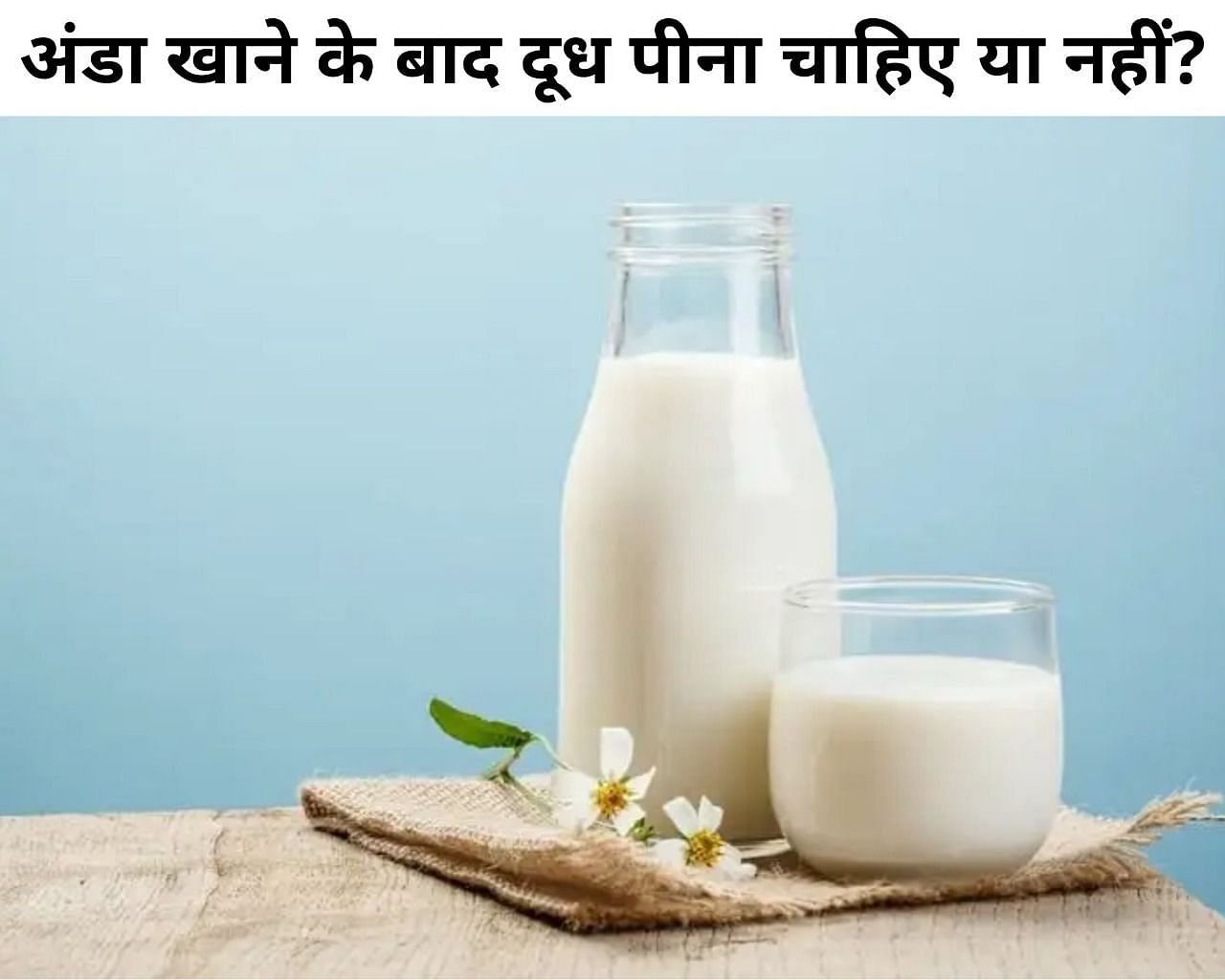 अंडा खाने के बाद दूध पीना चाहिए या नहीं? (फोटो - sportskeeda hindi)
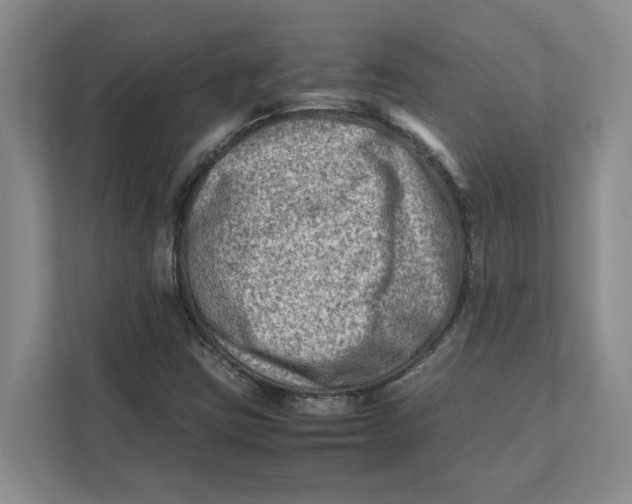 X0000112411403200909041347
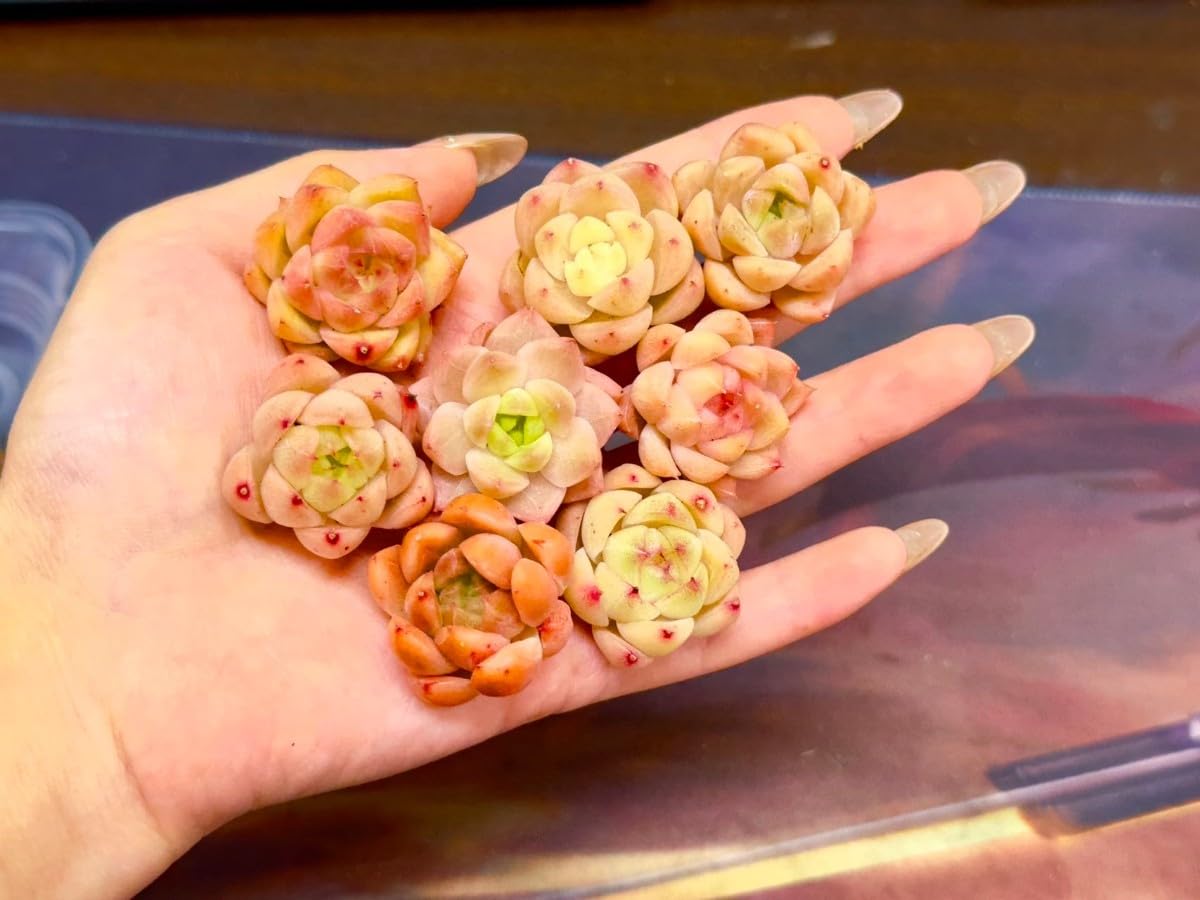 多肉植物 韓国苗 メタファー 発根済み 多肉植物 韓国苗 メタファー 発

──────────────────────────────

Problem details:
Write out again, word for word, only the lines from the one with "X0000112411403200909041347" through the last line of the material, and omit each picture.

Your response:
 X0000112411403200909041347
 多肉植物 韓国苗 メタファー 発根済み 多肉植物 韓国苗 メタファー 発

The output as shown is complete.